### Records provided
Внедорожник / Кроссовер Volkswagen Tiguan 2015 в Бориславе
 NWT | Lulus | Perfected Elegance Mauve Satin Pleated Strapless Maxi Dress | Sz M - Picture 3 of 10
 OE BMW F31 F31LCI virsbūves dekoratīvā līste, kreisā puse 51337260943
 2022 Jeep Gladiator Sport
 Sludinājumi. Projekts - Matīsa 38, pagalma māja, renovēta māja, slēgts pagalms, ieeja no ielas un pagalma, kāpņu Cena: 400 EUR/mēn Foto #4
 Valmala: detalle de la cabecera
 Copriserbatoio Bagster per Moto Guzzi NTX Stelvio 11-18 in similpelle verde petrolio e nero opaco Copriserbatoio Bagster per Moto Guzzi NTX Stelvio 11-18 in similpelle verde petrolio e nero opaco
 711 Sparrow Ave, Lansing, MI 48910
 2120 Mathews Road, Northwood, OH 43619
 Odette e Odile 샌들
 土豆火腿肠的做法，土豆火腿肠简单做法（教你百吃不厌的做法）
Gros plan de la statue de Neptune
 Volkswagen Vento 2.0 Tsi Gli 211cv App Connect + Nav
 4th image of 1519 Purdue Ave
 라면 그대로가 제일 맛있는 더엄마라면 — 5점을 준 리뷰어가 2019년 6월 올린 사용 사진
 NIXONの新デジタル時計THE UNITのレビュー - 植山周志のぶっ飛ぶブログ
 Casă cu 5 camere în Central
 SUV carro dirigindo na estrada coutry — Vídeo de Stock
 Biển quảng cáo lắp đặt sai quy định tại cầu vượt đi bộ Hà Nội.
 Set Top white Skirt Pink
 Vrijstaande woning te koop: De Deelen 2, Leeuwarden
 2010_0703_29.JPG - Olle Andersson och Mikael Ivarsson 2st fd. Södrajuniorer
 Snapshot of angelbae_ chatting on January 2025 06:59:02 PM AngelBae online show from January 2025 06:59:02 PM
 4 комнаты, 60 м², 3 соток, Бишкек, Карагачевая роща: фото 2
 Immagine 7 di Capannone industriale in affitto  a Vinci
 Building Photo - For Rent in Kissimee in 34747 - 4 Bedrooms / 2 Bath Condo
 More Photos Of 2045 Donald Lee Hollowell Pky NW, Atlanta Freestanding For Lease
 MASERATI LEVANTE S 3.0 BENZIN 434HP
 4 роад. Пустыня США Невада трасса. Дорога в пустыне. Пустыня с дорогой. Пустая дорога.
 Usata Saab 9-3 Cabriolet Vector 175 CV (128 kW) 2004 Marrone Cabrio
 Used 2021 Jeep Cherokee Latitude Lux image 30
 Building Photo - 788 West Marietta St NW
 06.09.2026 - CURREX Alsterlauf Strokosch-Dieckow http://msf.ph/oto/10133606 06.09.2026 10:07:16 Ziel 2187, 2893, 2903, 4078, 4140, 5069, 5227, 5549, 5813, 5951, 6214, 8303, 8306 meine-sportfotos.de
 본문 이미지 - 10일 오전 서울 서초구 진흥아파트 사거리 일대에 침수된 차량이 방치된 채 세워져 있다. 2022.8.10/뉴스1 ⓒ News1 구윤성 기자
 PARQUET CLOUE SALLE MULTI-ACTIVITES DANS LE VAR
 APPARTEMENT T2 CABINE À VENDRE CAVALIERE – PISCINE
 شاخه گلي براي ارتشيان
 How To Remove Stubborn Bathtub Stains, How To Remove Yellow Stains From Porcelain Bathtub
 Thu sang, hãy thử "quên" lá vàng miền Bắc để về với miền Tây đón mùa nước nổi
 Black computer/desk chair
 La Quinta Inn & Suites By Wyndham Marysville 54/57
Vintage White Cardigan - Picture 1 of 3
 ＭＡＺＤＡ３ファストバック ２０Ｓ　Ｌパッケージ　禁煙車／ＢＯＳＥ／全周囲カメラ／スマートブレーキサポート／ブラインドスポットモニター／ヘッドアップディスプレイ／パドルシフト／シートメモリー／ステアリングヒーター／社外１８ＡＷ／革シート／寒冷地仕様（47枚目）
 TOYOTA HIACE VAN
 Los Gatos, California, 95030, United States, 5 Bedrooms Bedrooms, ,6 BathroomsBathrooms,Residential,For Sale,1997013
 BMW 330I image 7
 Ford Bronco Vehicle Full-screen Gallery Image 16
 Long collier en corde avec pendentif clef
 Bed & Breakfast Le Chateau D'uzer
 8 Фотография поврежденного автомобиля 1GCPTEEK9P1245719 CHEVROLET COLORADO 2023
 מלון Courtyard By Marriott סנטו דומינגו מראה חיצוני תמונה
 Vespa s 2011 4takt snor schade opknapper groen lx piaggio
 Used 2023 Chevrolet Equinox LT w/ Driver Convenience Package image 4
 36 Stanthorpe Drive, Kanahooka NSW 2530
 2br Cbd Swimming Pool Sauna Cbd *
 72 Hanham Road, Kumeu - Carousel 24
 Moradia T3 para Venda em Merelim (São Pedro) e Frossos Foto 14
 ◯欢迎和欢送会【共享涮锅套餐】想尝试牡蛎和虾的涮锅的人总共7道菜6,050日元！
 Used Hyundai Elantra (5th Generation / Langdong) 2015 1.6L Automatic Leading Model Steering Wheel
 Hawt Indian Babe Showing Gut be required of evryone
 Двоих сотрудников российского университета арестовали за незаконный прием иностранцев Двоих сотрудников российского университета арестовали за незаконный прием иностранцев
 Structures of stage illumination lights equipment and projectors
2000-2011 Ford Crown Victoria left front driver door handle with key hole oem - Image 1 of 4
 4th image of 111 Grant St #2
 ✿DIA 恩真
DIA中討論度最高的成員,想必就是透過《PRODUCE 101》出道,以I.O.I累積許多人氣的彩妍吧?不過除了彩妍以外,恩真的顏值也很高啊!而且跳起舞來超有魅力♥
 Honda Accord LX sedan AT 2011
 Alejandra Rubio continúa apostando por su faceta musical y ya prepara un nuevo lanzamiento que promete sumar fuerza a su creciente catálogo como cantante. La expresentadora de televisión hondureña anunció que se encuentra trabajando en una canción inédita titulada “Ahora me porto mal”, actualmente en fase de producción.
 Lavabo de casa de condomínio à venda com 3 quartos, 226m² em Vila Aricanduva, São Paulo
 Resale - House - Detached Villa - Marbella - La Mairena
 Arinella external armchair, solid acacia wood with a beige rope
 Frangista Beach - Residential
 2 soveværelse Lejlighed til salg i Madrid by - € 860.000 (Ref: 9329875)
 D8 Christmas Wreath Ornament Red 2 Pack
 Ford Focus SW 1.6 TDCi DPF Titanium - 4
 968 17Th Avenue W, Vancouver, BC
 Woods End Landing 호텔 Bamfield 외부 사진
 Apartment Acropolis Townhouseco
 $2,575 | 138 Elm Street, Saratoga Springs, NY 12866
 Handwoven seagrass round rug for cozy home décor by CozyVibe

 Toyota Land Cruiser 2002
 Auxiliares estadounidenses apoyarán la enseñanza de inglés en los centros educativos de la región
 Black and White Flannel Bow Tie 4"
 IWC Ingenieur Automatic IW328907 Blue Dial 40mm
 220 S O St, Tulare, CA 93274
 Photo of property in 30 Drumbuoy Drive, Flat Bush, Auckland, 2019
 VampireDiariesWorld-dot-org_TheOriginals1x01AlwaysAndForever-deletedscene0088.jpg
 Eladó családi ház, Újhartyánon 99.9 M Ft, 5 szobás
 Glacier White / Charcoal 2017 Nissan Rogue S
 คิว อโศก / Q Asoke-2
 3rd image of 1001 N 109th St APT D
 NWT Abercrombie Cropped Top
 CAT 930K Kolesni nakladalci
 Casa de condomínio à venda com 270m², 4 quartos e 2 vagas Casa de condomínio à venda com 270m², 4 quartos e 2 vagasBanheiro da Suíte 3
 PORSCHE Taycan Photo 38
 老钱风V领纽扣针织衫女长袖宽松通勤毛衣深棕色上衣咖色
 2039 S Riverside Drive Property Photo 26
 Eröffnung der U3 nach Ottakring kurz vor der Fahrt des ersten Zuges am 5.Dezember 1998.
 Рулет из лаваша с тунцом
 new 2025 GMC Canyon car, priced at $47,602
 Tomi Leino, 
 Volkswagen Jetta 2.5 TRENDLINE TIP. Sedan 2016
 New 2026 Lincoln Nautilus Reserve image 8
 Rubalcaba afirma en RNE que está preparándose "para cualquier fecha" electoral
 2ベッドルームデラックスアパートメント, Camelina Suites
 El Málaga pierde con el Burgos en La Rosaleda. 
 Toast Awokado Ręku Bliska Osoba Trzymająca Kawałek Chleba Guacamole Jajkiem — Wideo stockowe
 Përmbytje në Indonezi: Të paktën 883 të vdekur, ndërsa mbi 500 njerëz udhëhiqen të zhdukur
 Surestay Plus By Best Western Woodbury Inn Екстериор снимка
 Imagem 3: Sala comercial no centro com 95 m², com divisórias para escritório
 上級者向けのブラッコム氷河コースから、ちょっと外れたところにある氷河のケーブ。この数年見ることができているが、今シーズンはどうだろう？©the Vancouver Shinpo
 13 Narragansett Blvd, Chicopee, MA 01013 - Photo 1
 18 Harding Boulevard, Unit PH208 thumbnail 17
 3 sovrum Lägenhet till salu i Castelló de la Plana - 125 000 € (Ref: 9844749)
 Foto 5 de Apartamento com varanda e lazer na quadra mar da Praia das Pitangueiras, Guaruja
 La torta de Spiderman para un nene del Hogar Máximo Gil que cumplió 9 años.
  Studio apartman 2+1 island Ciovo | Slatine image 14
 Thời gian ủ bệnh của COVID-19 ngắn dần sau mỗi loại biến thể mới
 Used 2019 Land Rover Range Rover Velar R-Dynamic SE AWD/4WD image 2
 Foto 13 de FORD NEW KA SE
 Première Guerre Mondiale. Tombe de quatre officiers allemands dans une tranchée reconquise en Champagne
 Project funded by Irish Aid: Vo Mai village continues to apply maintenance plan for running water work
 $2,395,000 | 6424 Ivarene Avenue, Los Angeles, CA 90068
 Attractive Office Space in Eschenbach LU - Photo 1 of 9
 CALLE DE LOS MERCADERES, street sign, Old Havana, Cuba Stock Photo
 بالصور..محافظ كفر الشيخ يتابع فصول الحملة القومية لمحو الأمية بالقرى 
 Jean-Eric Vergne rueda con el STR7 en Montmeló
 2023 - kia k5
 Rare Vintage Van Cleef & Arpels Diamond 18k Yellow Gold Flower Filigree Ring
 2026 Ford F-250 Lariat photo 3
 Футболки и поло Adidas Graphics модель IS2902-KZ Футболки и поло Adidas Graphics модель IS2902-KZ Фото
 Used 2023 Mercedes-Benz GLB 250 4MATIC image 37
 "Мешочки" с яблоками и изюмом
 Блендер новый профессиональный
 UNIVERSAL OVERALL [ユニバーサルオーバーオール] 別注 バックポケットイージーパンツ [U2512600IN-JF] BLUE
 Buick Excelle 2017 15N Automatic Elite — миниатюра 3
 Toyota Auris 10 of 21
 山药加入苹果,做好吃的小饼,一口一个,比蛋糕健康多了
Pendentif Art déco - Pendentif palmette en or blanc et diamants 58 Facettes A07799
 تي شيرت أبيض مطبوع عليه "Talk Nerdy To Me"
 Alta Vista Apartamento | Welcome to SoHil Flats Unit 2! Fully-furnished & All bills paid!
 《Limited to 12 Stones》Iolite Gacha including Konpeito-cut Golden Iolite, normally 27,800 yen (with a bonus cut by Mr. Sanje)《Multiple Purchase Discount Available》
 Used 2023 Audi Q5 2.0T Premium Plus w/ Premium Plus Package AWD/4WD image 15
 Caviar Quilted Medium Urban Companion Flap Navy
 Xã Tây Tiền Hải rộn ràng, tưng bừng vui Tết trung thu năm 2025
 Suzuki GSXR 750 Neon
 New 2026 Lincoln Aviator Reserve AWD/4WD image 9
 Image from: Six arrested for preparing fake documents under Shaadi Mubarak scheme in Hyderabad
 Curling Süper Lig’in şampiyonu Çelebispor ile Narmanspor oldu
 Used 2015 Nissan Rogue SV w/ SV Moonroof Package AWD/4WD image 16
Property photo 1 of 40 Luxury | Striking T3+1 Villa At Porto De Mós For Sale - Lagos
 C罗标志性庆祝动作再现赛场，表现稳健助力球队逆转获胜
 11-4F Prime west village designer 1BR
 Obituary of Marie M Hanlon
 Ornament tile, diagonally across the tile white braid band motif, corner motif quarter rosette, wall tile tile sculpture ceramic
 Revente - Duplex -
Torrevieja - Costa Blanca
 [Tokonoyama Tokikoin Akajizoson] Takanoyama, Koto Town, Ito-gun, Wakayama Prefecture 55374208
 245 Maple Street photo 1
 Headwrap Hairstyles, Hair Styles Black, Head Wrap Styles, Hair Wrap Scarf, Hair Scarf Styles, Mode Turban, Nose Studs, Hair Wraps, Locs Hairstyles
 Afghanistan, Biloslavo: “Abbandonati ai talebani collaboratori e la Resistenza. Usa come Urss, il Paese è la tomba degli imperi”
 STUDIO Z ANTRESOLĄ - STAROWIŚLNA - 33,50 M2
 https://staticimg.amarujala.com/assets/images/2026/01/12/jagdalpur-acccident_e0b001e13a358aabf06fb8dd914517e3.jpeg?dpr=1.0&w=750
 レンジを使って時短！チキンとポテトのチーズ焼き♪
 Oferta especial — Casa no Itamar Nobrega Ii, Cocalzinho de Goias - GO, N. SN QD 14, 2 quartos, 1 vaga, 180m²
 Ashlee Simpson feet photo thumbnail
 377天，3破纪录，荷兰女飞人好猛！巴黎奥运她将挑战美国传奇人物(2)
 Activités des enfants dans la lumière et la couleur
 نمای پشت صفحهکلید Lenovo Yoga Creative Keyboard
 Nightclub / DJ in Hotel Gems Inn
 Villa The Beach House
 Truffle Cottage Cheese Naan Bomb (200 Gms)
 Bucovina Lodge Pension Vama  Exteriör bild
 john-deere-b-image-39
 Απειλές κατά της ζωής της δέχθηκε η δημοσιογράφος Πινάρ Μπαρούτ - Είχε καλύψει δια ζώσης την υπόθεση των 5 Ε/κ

### What you need to do
Your answer must be the lines above from the one containing "Imagem 3: Sala" to the one containing "Used 2019 Land", both included, restated word for word.

### Result
 Imagem 3: Sala comercial no centro com 95 m², com divisórias para escritório
 上級者向けのブラッコム氷河コースから、ちょっと外れたところにある氷河のケーブ。この数年見ることができているが、今シーズンはどうだろう？©the Vancouver Shinpo
 13 Narragansett Blvd, Chicopee, MA 01013 - Photo 1
 18 Harding Boulevard, Unit PH208 thumbnail 17
 3 sovrum Lägenhet till salu i Castelló de la Plana - 125 000 € (Ref: 9844749)
 Foto 5 de Apartamento com varanda e lazer na quadra mar da Praia das Pitangueiras, Guaruja
 La torta de Spiderman para un nene del Hogar Máximo Gil que cumplió 9 años.
  Studio apartman 2+1 island Ciovo | Slatine image 14
 Thời gian ủ bệnh của COVID-19 ngắn dần sau mỗi loại biến thể mới
 Used 2019 Land Rover Range Rover Velar R-Dynamic SE AWD/4WD image 2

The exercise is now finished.